Another argument against preground coffee is that the coffee is already ground for you. You have no control over the grind size, so the coffee may not be ground appropriately for the brewing equipment being used. Correct grind size is essential for good tasting coffee that is extracted at the correct rate. This is especially important for espresso extraction where even small changes in grind size will have a large effect on the rate of flow and resulting flavor of the coffee. When selecting a pre-ground coffee make sure that it is ground appropriately for the brew method it is being used for.
When purchasing either whole bean or preground coffee it is best to make sure it is packaged properly as well. Proper packaging keeps the beans/grounds fresh. After coffee is roasted there are gases that are released over time. Properly packaged coffee should have a one way valve installed in the packaging so that the coffee can properly outgas, helping the coffee stay fresher for longer.
One of the largest misconceptions in the coffee brewing world is that espresso is made from an entirely different bean or coffee varietal than other coffee brewing methods. This is not in any way true. A wide range of coffee blends, roasts, and bean varietals can be labelled as "espresso." This is simply being used as a marketing term. Espresso beans are coffee beans. When a package is labelled as "espresso" then that particular company is simply suggesting that that particular roast/blend/variety/etc. is what they suggest be used for the espresso brewing process. You can have two different coffee beans on complete opposite ends of the spectrum that are both labelled as "espresso."

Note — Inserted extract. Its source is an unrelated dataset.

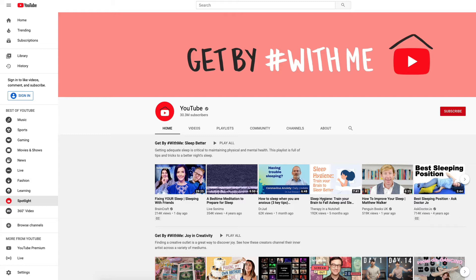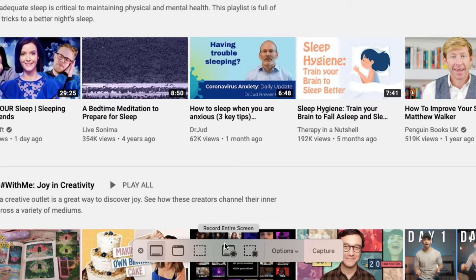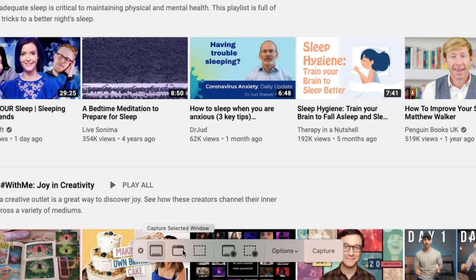It's really easy. I've got YouTube pulled up right here. On your keyboard, hit Command+Shift+5. When you do, you'll see a little menu show up at the bottom. You'll be interested in these three icons on the left: this one says 'Capture a Selected Portion,' the middle one 'Capture a Selected Window,' and the far left 'Capture the Entire Screen.'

Espresso is a brewing method for coffee beans. Espresso is a process in which coffee is brewed by applying high heat and large amounts of pressure to finely ground coffee beans. This process can be used with any coffee bean. Some coffees will be better suited for espresso extractions than other, but this is highly subjective as it will depend on many variable, the most influential being personal flavor preference.
For pre-ground coffees in particular the label "espresso" can be of particular importance though. In addition to meaning that the particular producer of that bean suggesting that the bean used for espresso, this also means that the coffee has been ground in the espresso range. This would make it unsuitable for other brewing methods as the coffee would not extract at the proper rate.
If you plan on using the coffee for milk based drinks such as lattes it is important to select a bean that will work well for this purpose. Beans with weaker or more subtle flavor profiles may not work because the milk may wash out the flavor of the coffee. Coffees with bolder more pronounced flavors can be more desirable, because the natural flavor of the coffee will come through the milk. It may also be more desirable to have a medium or full bodied. A light bodied coffee can make milk based drinks like lattes end up tasting watery. Fuller bodied coffees will contribute to the richness that is usually desired in a latte.